The latter, "My Home Page," is little more than a conversion of your Online Profile to a web page with an area where you can add your own insipid comments. What they don't make clear is that you can make your own web page completely independently of this product.
Interestingly, a href to news:alt.aol-sucks can be seen from within AOL, but not outside of AOL in the "My Home Page" service. What do you know about that!?
"My Place" is your own two megabyte FTP site. This is where things get confusing. "My Place" exists on a server called users.aol.com and was apparently intended to be an FTP server alone. A note for FTP uploaders - with "My Place" comes the ability to upload FTP files from AOL. Yippee. Yawn. Anyway, as I said, "My Place" is on users.aol.com, but "My Home Page" is on home.aol.com.
In various parts of the AOL documentation and help files, Personal Publisher is used to describe both services. It's still not clear if PP is used to create a web page on users.aol.com or home.aol.com or if PP is a downloaded file that you use to create your custom HTML file to upload to "My Place" (see below).
A curious feature of the "My Place" personal FTP site is mentioned in the FAQ you get the first time you start "My Place" but nowhere else. Users who log in anonymously can get to you by logging in as anonymous or ftp and changing to directory: /screenname
The FTP daemon is a customized one that will not list all FTP sites, which is stated in the documentation. Sorry, Spam King, you can't get AOL names from here!
users.aol.com doubles as an HTTP server with your FTP site as the current HTML directory. All you do is place a file called index.html in your "My Place" FTP site and you have a completely custom web page that you write from scratch by yourself offline using either a text editor or a tool like HoTMetaL Pro
So, users.aol.com/kjrehberg hits my custom web site. However, home.aol.com/kjrehberg gets my "Personal Publisher" web page, which is a completely different web page!

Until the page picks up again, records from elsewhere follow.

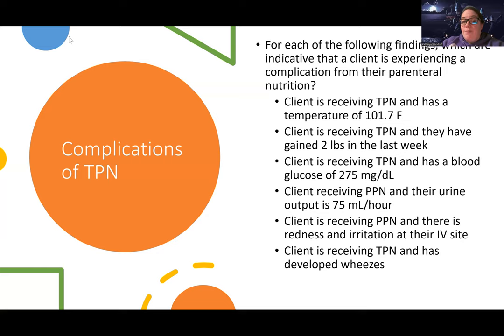Client is receiving TPN and has a blood glucose of 275. This is a complication — their blood glucose is high. Could TPN raise blood glucose? There's a lot of sugar in TPN, and that's going to put the patient at risk for having hyperglycemia. It's even more pronounced usually with TPN patients because we're literally inserting sugar straight into their bloodstream. A lot of these patients are going to have insulin in their bags to counteract the effects of the sugar. So that is also a yes — hyperglycemia is a complication.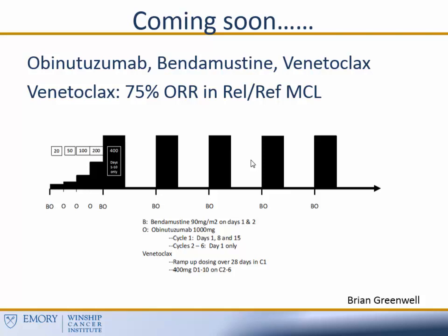One of the challenges with venetoclax is potentially life-threatening tumor lysis syndrome — we've had a case of that here at Emory in one of our mantle cell patients. Brian has developed a pretty conservative ramp-up for the first cycle to try to combat the risk of tumor lysis syndrome, with a plan for patients to receive up to six cycles of therapy. This protocol has been written and is currently under review with the company, hopefully opening later this year. As Brian transitions to MUSC, we're hoping that he'll take it with him as well.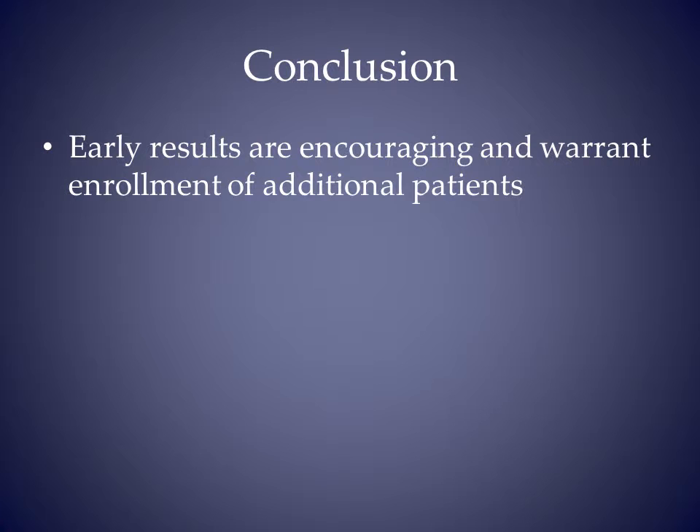In conclusion, early results are encouraging and warrant enrollment of additional patients.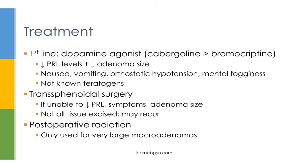Both of these drugs are not known to be teratogens. However, since bromocriptine is an older drug, it's been studied more frequently in pregnant patients — therefore, in the instance of a pregnant patient with hyperprolactinemia, you may want to use bromocriptine over cabergoline. If medical management fails, the next line of treatment is transsphenoidal surgery. This should only be used if bromocriptine or cabergoline fails to decrease prolactin, symptoms don't improve, and the adenoma size does not decrease after months of therapy. The main drawback with surgery is that oftentimes not all the tissue can be excised, and the adenoma may regrow. The last line of treatment is post-operative radiation, used only for very large macroadenomas in which all tissue was not able to be removed during surgery.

And finally, ftp://users.aol.com/krehberg gets my FTP site. Some browsers will pick up the index.html even on an FTP URL so you get the web site instead.

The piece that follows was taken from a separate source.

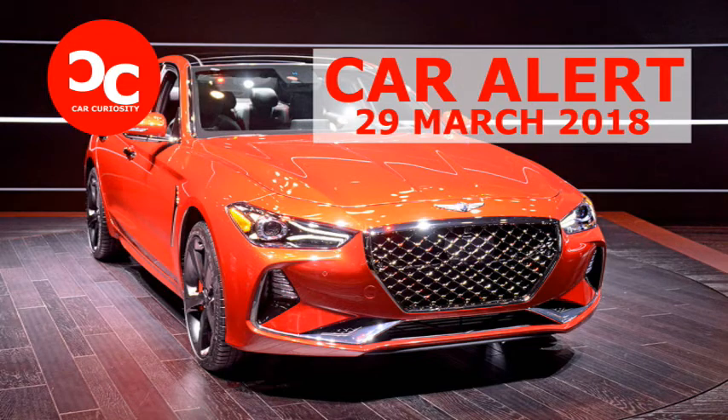The Genesis G70 will be available in 8 exterior colors: Victoria Black, Casablanca White, Himalayan Grey, Santiago Silver, Adriatic Blue, Mallorca Blue, Havana Red, and Siberian Ice. It goes on sale this summer.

Now back to users.aol.com, the custom web page and FTP site. The users.aol.com machine is in fact an arbiter which assigns your HTTP and FTP socket connection requests not to users.aol.com but to a number of HTTP servers apparently to handle the tremendous load that 1000 people, much less 3.5 million, could put on a web page.
This kind of setup happens throughout AOL, and probably happens on the "other" web service, home.aol.com. Whatever. When the little guys' slave to users.aol.com crashes (which happened to me whilst uploading my custom home page) you get the usual .nfsXXXXX NFS server stale handle file as when any other NFS client crashes. Pretty interesting. AOL is pretty secretive about their systems, choosing only to describe them as "Open Systems," but these web pages are served with some flavor of UNIX.
AOL wants to be the world's Internet provider. With these tools and the new CNN service, it appears AOL truly wants to bring HTML, FTP, and the rest of the Internet to regular people at the expense of more experienced folks who have long since left AOL, or are holding out for a feature or two. Probably the most embarrassing tactic an anti-AOL pundit could use is to set up a custom home page that uses HTML 3.0 tags to demonstrate how AOL's own web browser can't even display one of its own web pages now that AOL has admitted that it can't meet the specs for HTML 2.0 and Netscapese!